Church of St Cuthbert, Billingham

Last Updated:

2 Feb 2024

Billingham, County Durham

This is a

Church, Place of Worship

54.594168, -1.293382

Founded in 

9th century

Current status is


Designer (if known):


Listed Grade I

The Church of St Cuthbert at Billingham was absolutely stunning in the brisk morning sunshine a few weeks ago. It's one of the earliest surviving churches in use in the region.

It was first established in the 9th century by Ecgred, the Bishop of Lindisfarne until 845. There was potentially a Christian presence here even earlier, with the fragments of an 8th century cross inside. I've been keen to find out exactly why Billingham was chosen as the site of the church, but tradition and earlier tales could be the reason.
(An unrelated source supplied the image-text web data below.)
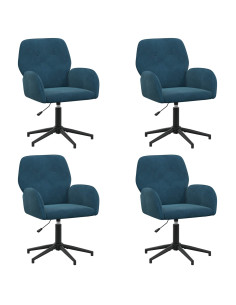 Sedie da scrivania girevoli 4 pz 54 x 55 x 90 cm Blu Velluto 2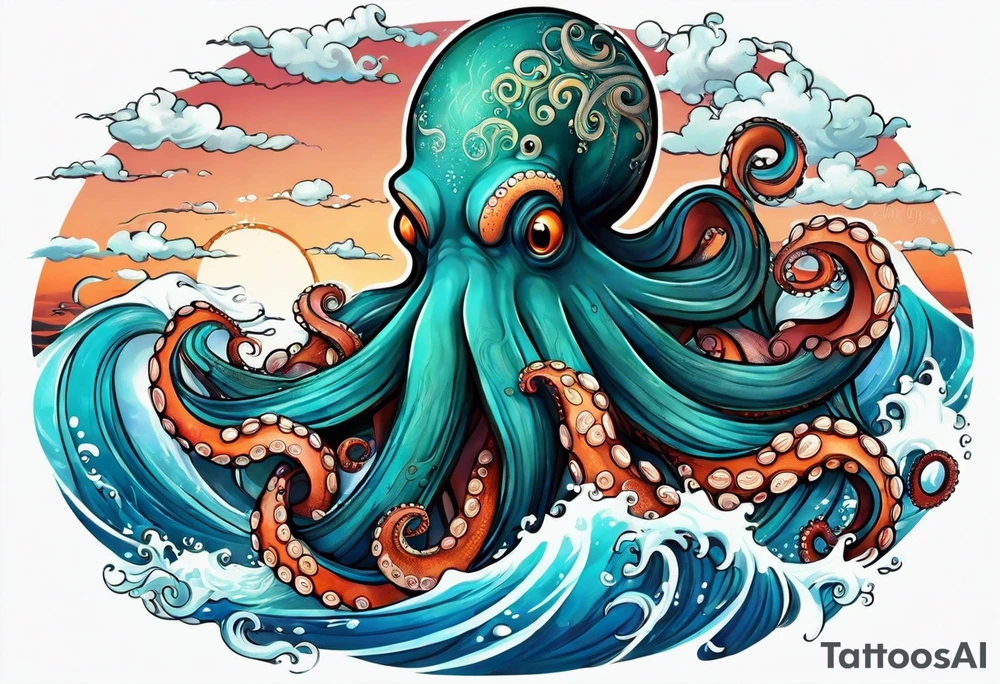 Octopus peaceful waves tattoo idea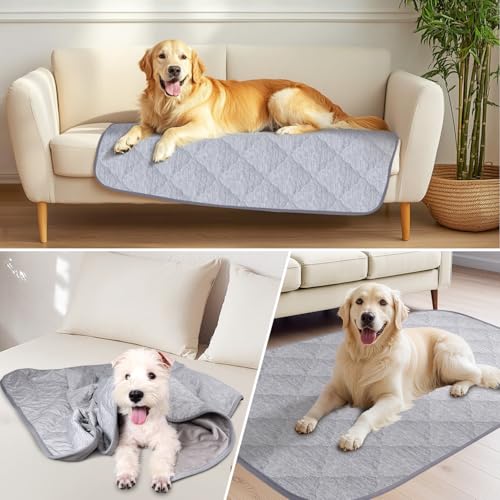 Premium Cooling Dog Blanket,Ultra-Soft & Lightweight Reversible Throw for Dogs,Washable Pet Throw Blanket with Q-MAX>0.4 for Summer,Couch Protector & Dog Bed Cover & Reusable & Built-in Strap 40x60 IN - size: L"40x60"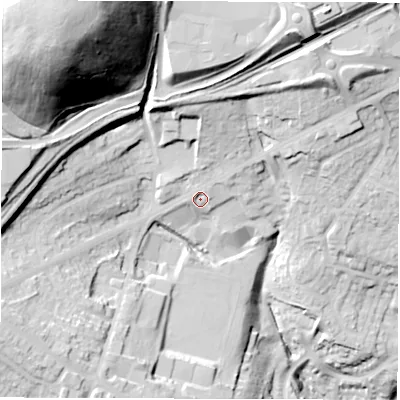 Shaded relief map of the ground around S753JT, computed from Environment Agency LiDAR. The ground here sits at about 128 m above sea level and falls 87 m across the surrounding 800 m. Surface water reaching this point runs off ground lying to the north-east, 19.5 m higher.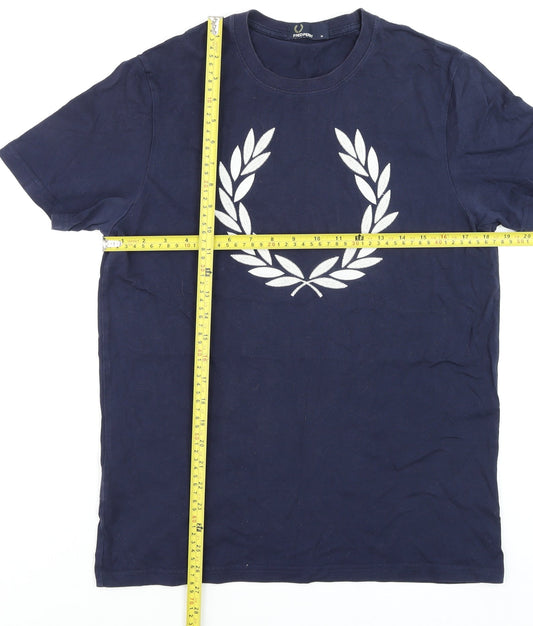 Fred Perry Men's Blue Cotton Graphic Logo T-Shirt Size M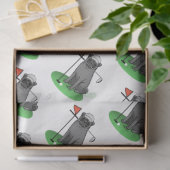 ゴルフパ遊グのゴルフ(黒)可愛いドおもしろいッグ 薄葉紙 (ギフト)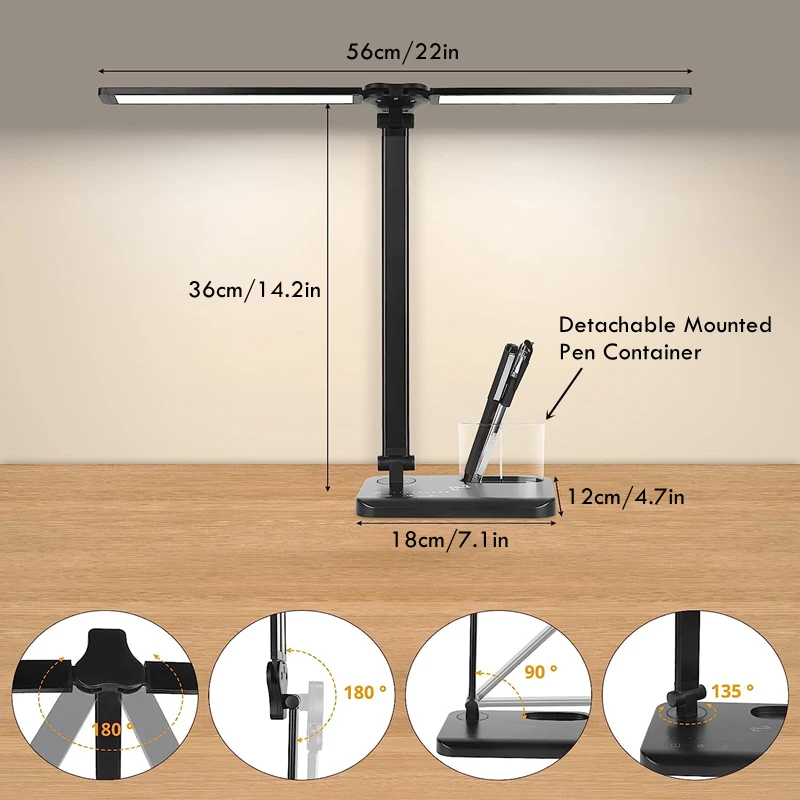 Desk Lamp with Dual Head, Dual Swing Arm Desk Light Reading Light Study Light 5 Lighting Modes Dimmable Brightness Touch Control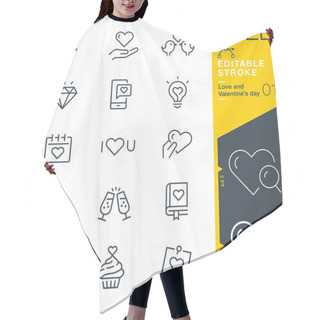 Personality  Lineo Editable Stroke - Love And Valentines Day Line Icons Hair Cutting Cape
A village developed around the church soon after giving rise to Billingham, and a Catholic community remained here well after the reformation. 22 men from Billingham joined the Northern Rebellions resenting the violent religious reforms, and at least a few families remained Catholic into the 18th century here.

Like most places of worship, St Cuthberts truly is a patchwork of constructions spanning centuries. The nave is the oldest element from the 9th century, while the bottom part of the tower is from the 10th. A breakdown is provided by the listing below, and I have tweeted a diagram here:

Listing Description (if available)

Tower of C10, top added late C14. Nave probably C9 but with north aisle and clerestory of late C12, south aisle of C13 and clerestory late C14, perhaps at time of addition to tower. Coursed rubble masonry, nave and tower battlemented. Original openings in tower, two-light with baluster shaft and pierced spandrel in bell stage. Small arch to nave. Chancel rebuilt 1939 by Charlewood of Newcastle. Early C17 screen and font cover.

Both plans above illustrate Billingham village between 1838 and 1859. It's quite rare to see a surviving tithe plan in this detail. The church is seen in plot 91, directly adjacent to the vicarage which is the long rectangular building. Billingham retained a similar aesthetic throughout the 19th century, with very few additions or changes between these decades. A toll bar features on the road to Norton.

Even when we reach the 1890s, the village features little change apart from the addition and expansion of a few buildings. The Wesleyan chapel was rebuilt, while new outbuildings were constructed around John Heslop's brewery which later became Billingham Picture House.


A wide shot of St Cuthberts, with the 10th century tower and 13th century south aisle in the foreground.


The beautiful clock face still features on the tower, albeit weathered.


The clock face can be seen much easier on this undated shot, featuring the rebuilt chancel.